Material for this exercise:
-- -- --
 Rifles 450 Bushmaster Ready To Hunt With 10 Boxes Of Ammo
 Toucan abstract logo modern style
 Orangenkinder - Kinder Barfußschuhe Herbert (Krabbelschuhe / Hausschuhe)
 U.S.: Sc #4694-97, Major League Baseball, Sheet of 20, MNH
-- -- --
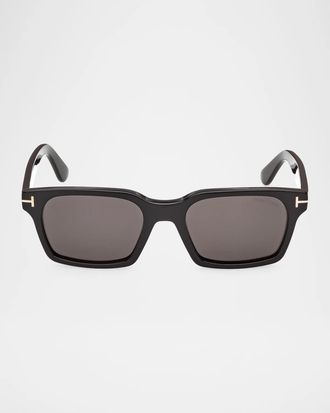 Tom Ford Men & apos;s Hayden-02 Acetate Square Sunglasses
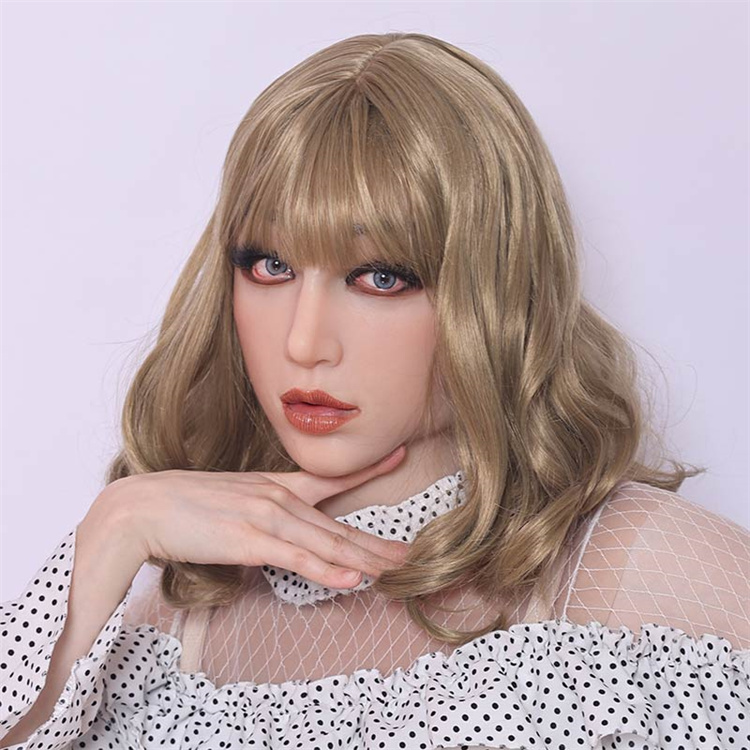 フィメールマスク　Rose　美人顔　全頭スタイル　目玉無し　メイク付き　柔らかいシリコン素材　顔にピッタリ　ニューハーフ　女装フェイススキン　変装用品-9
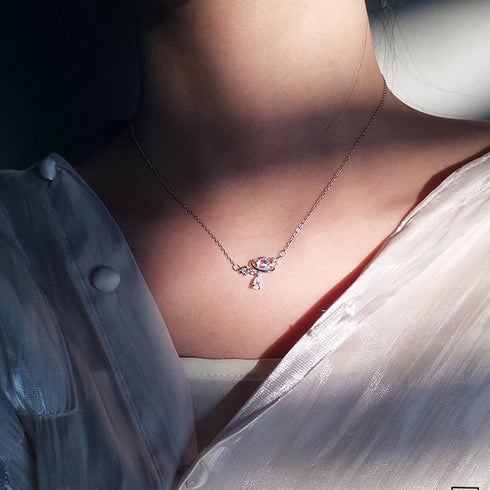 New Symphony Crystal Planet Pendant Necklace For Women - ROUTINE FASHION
-- -- --
What the task asks: Above are records with pictures. Reproduce exactly only the lines from the line with "フィメールマスク　Rose　美人顔　全頭" through the line with "New Symphony Crystal", both ends included, and leave the pictures out.

Output for this exercise:
 フィメールマスク　Rose　美人顔　全頭スタイル　目玉無し　メイク付き　柔らかいシリコン素材　顔にピッタリ　ニューハーフ　女装フェイススキン　変装用品-9
 New Symphony Crystal Planet Pendant Necklace For Women - ROUTINE FASHION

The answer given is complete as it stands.